Friday, April 18, 2008

Obama and Conservatives

I have heard that Obama appeals to some conservatives. That was a furrowed brow for me. Couldn't imagine why. My only guess was that they were so torqued off at McCain that this bright, pleasant youngish man seemed a safe harbor, even if he was unfortunately leftist.

It has come up enough online that I decided to give it some thought. I haven't met any conservatives in real life who are leaning Obama, but there do seem to be some out there.

He has the temperament of a type of conservative. His ideas are those of the antiBuckley, but one can imagine them conversing on Firing Line for weeks on end. Check that. The content-driven Buckley would gradually drive the style-driven Obama into retreat and an unannounced (but no less complete) humiliation. It wouldn't last weeks. One could imagine it lasting a few weeks, however, in the sort of conversation that conservatives imagine the world could be run by. While there are right wingers who crave red meat and confrontation, there is another sort which tires rapidly of demagogues and fire-breathers. Obama would like to be a unifier; he listens politely and responds in measured tones, holding out the possibility that the country would settle down for a bit. That natural conservatism, the desire to be left in peace, has great appeal to a certain personality type. Many conservatives hope little more than to be left alone to pursue their lives without interference.

Considered this way, I understand it. The difficulty is that it is an illusion. Barack Obama's domestic views are so interventionist and his foreign policy views so non-interventionist that his actions would lead to stark choices: go along and have temporary peace and quiet, hoping that the damage to rights and allies will not be so great that it can't be rescued later, or rise up in confrontation, crying halt. BHO puts forth a vision of men and hobbits in Bree, living peaceably and respectfully together in mutual adjustment, an example of tolerance to all travelers.

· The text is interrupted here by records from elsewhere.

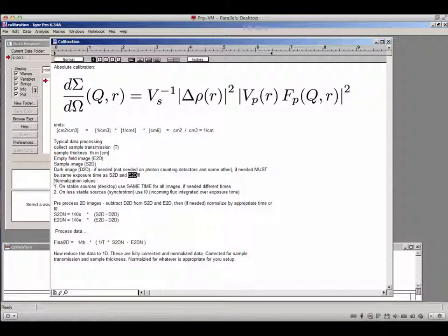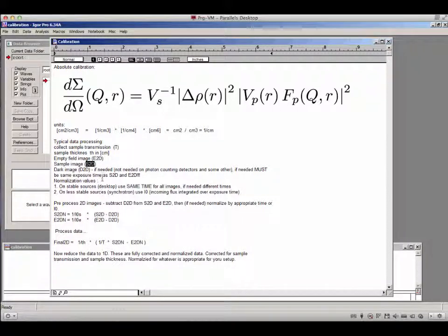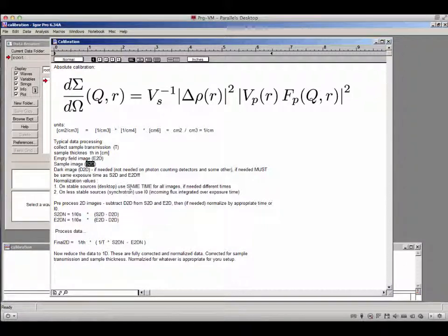What we do next is we have a choice of doing normalization. I would suggest collecting empty and sample images for the same times or same flux. If that cannot be done, you may have to normalize them together. On really stable sources, typically desktops, you may use the same time for all images. If you need different times, normalize by time. On less stable sources like a synchrotron, we use some kind of counting device, called I0, to normalize.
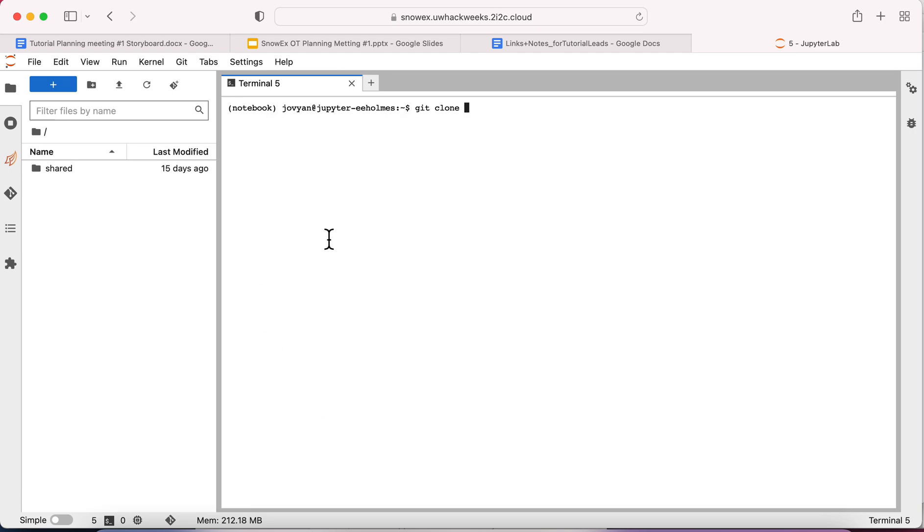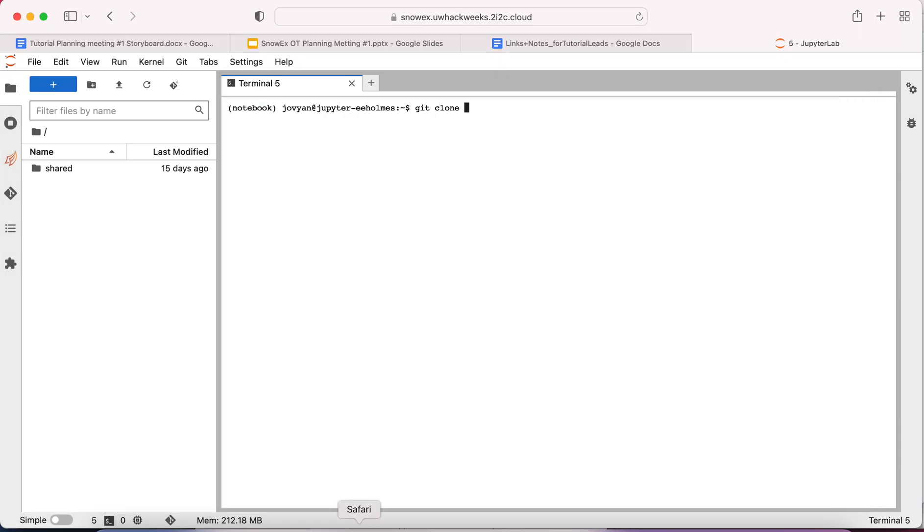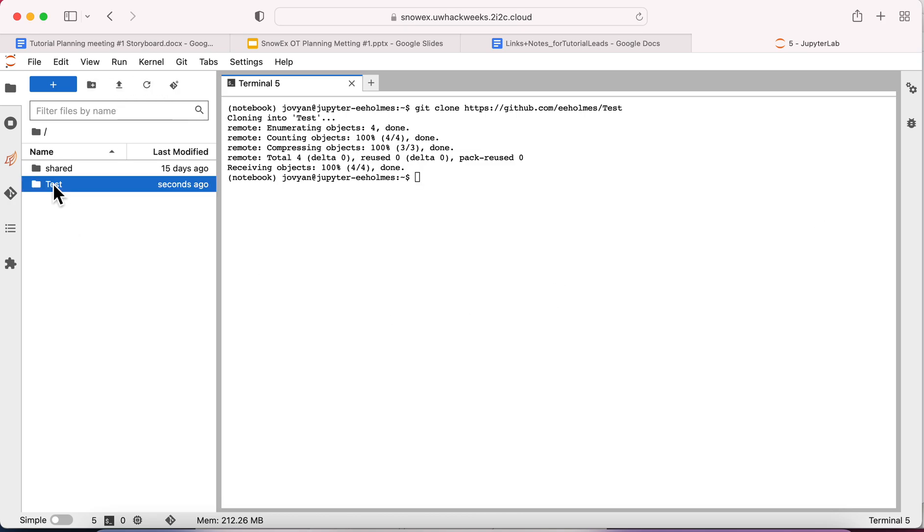So let's go back over here, this is the one I want to clone, so I want to copy that. Back, paste, there we go. That's it, refresh that and there it is.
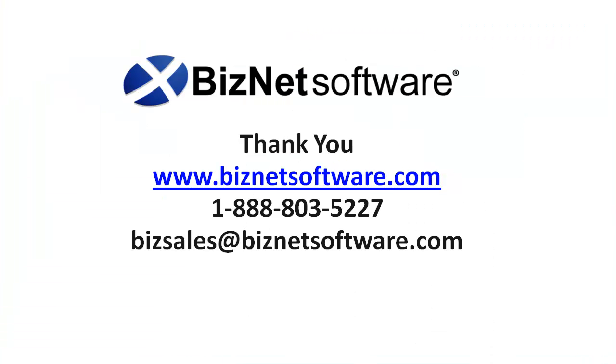Thank you for viewing our BizNet Software demo. For more information, please contact us at biznetsoftware.com. Thank you.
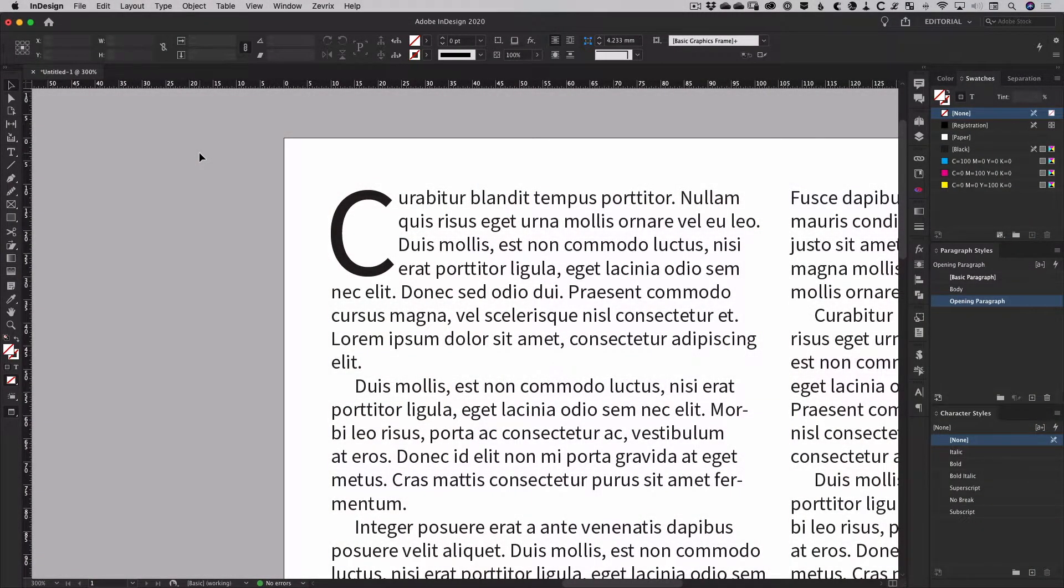A drop cap or dropped capital letter is found at the beginning of a block of text such as the beginning of a book chapter or article.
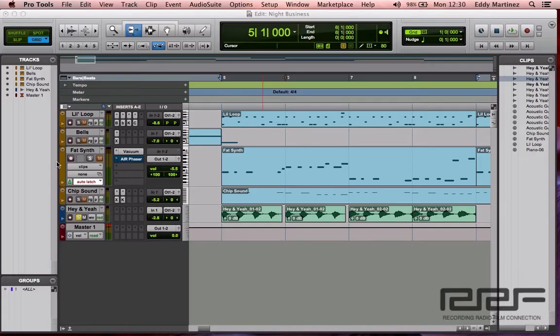Alright guys, hopefully you have a Pro Tools session brought up. If you don't, don't worry about it — just go ahead and follow along, take notes, and apply this information to your next session.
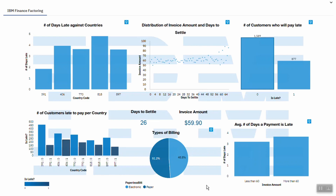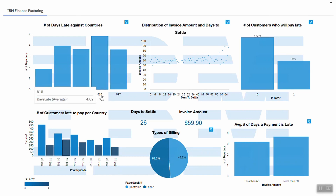This dataset shows that IBM has been financing some of its slow-paying customers' invoices to meet its present and immediate cash flow needs. From our first visualization here, we can see that the country with country code 818 records the highest number of late days, which means that customers in this country take the longest time on average to finalize their payments.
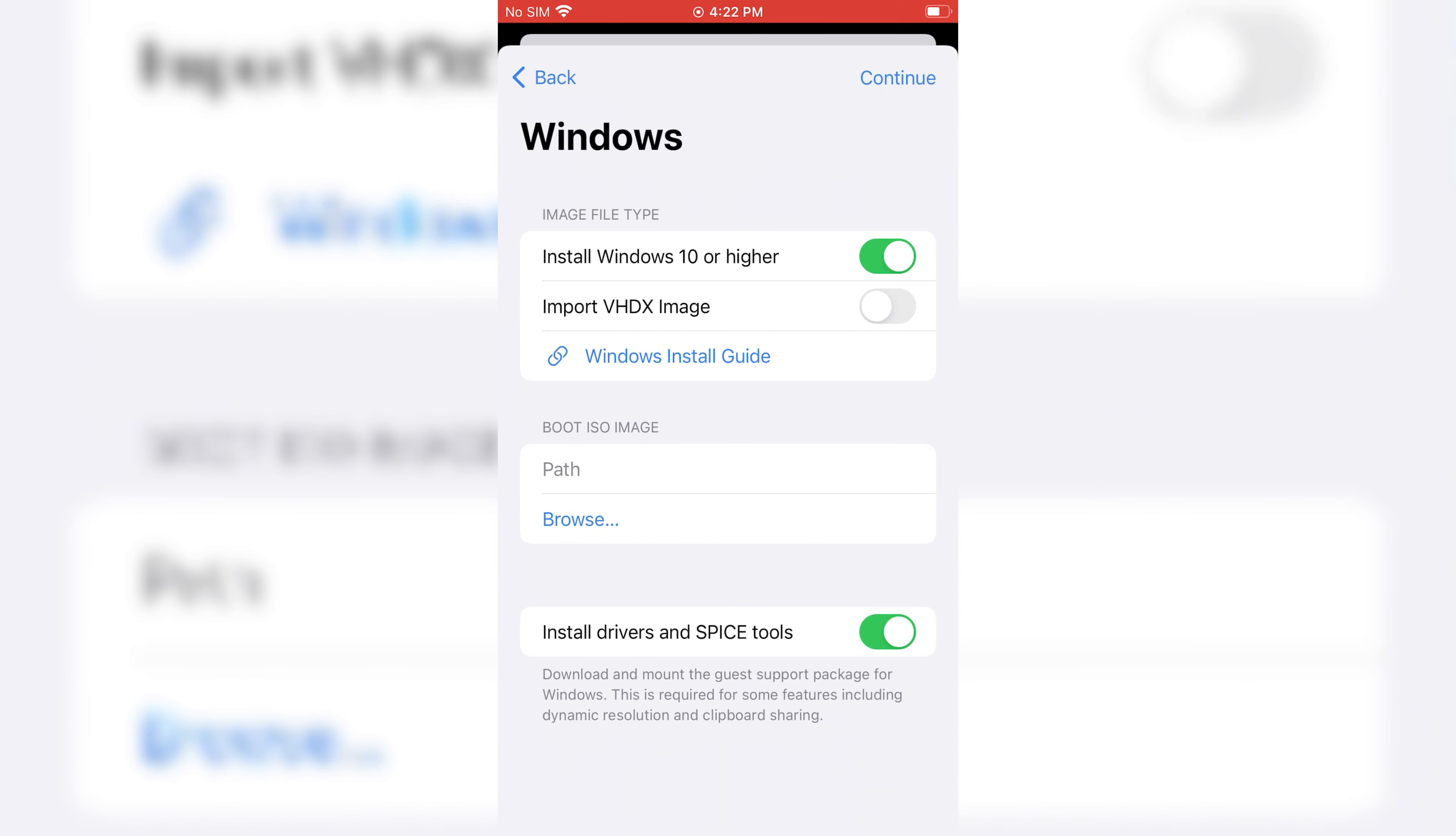Now hit Windows Install Guide. It will open UTM page. Scroll down and download Crystal Fetch from GitHub.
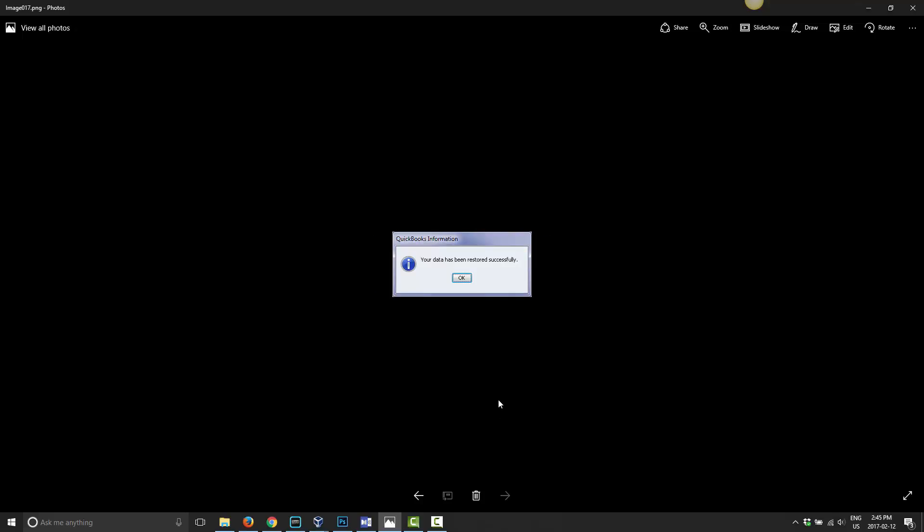And then that's it. It'll say your data has been restored successfully. Go ahead and click OK. And that's it. That's how you restore a backup in QuickBooks using Dropbox as your backup storage location.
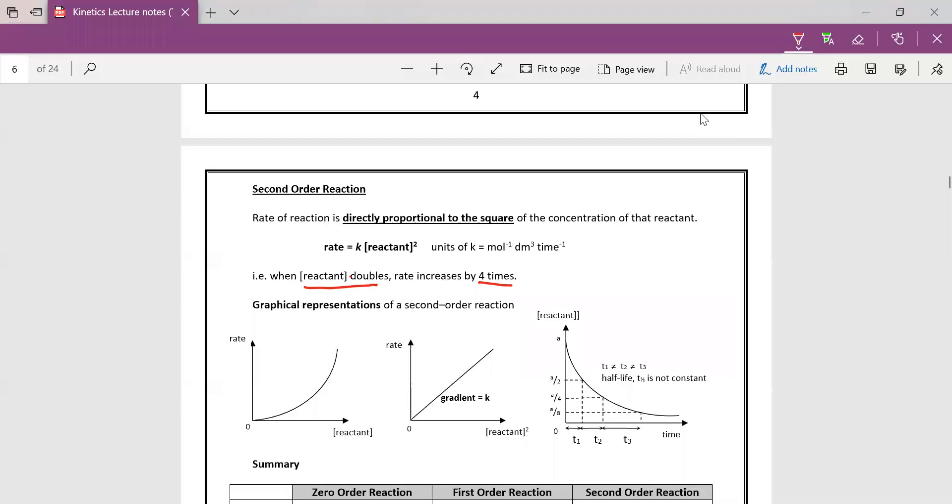So what happens if your concentration of reactant triples? If it triples, your rate will actually increase by nine times, so the square of three is nine. I think you can carry on postulating if the concentration of reactant quadruples, the rate will actually increase by four squared, which is 16 times.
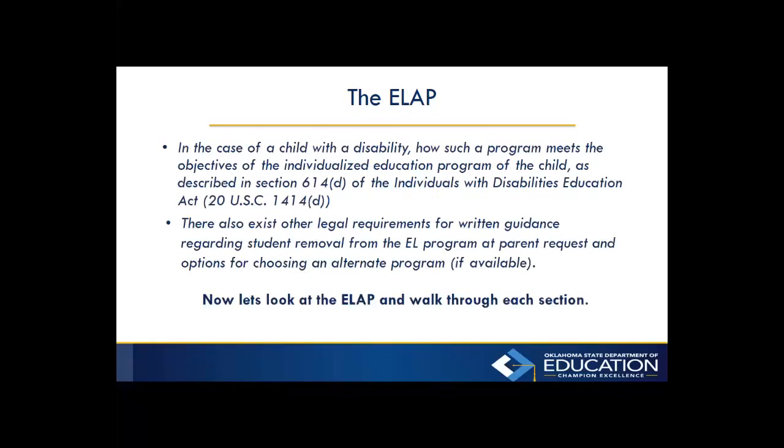Now, let's look at the ELAP and walk through each section. And at this point, I'm going to hand it over to Dan, who is going to pull that up and see what it looks like.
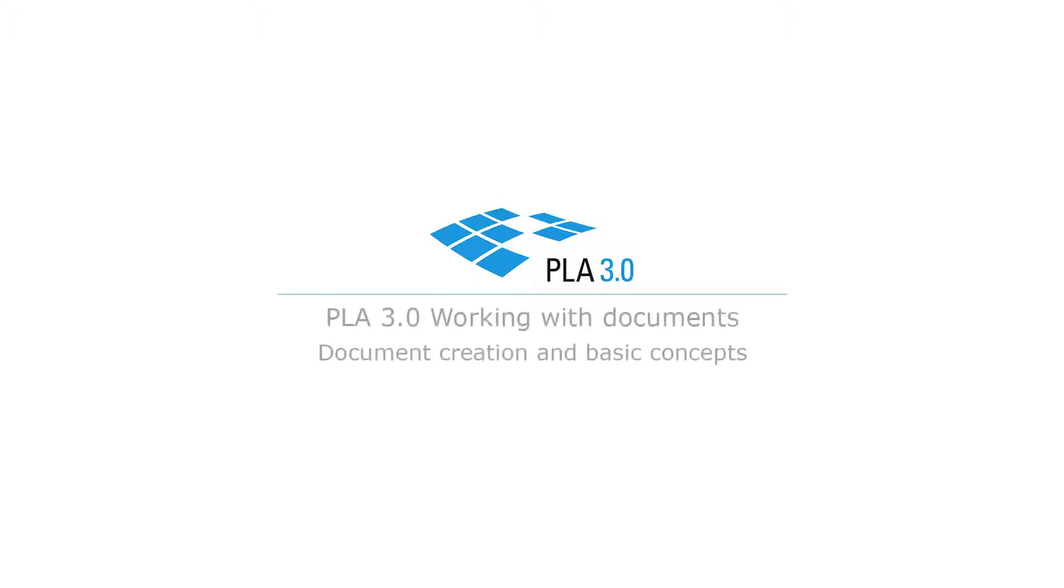Welcome to the PLA 3.0 tutorial series, Working with Documents. In this video, we will discuss how to create documents and the basic concepts behind documents in PLA.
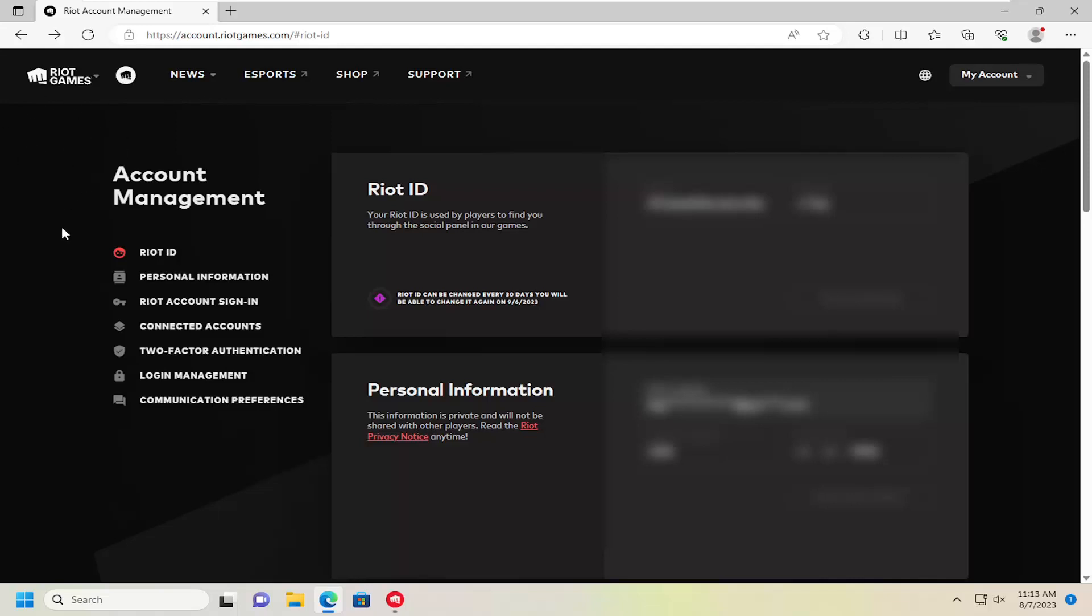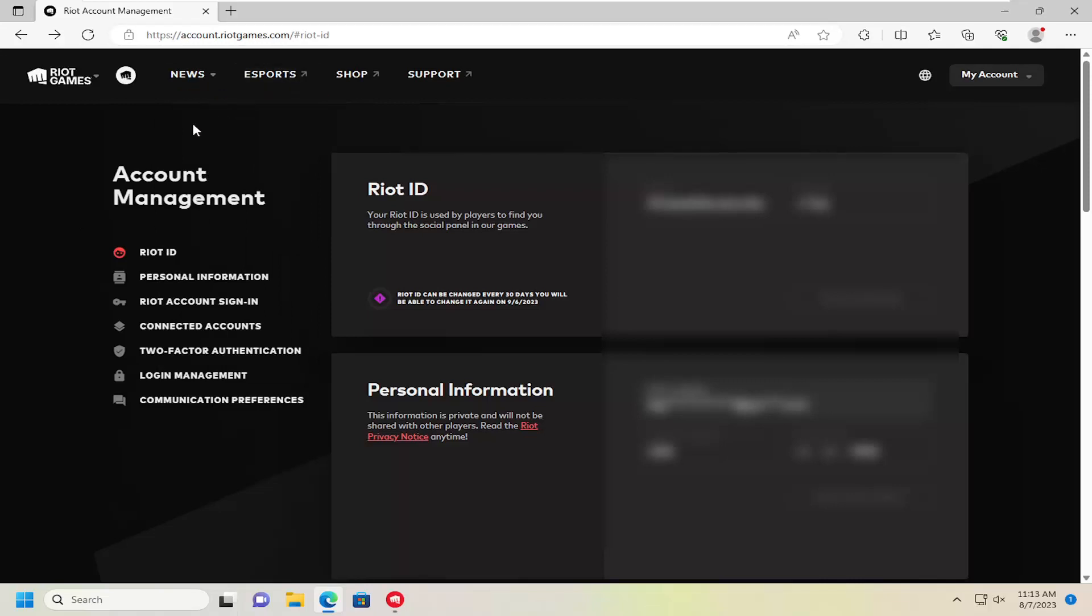This should be a pretty straightforward process. Let's go ahead and jump right into it. All you have to do is go up to the address bar and search for account.riotgames.com. You may need to enter in your username or screen name and password if you're not currently signed in.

It all depends on whether Saruman or Sauron are real threats on the move. If not, why not live as Obama hints, even if it turns out to be expensive and a bit intrusive? But if so, then there is no respite on the horizon, and his association with half-orcs is a matter of great concern.

5 comments:

Foobarista said...

The problem with Obama's notion of "unity" is it's "trust me and drink the Kool-aid". It isn't "I'll attend to you and modify my positions based on your concerns".

There's a part of me that _really_ wants to like Obama, and in another domain, he'd probably do very well. But not President.

cold pizza said...

Other headlines from Bizarro World: "Sun Runs Cold" and "Hillary Does NOT Make Small Children Cry When She Laughs." Who knew? -cp

TomG said...

Of crossing a huge historical barrier, and of Obama's being a sign of change merely by his running, an excerpt from the below movie preview: "Off screen Mr. Penn has been stumping for Senator Barack Obama, though he declined to discuss his political involvement in an article about “Harold and Kumar.” But Mr. Hurwitz and Mr. Schlossberg, who said they’ve heard that Mr. Obama has seen (and liked) the first film, were willing to draw a connection. “He is a symbol of moving beyond race,” Mr. Schlossberg said. “Obama is a sign of the times, just like Harold and Kumar.”
Which is not to say that Harold and Kumar exist in a postracial society. The larger point, as Mr. Hurwitz put it, is that “race matters to the other characters but not to Harold and Kumar,” a misalignment that is by turns funny, poignant and maddening.
“They’re beyond racism but live in a world that isn’t,” Mr. Schlossberg said. “In many ways Harold and Kumar represent what we want the future to be.”"
http://www.nytimes.com/2008/04/20/movies/20lim.html

Thud said...

some people class themselves as conservative for the strangest of reasons...I would imagine supporting Obama rules you out for ever!

kreiz1 said...

Total agreement, AVI. Conservative attraction to Obama is about personality and style. For a pol, he's relatively unassuming and soft spoken, engaging but moderate, not quick to rattle. He listens. He presents himself as a reasonable man. (I'd love to see him match with Buckley). None of this is political- it's personal- and it's hard to differentiate between the two. On a gut level, it's very persuasive.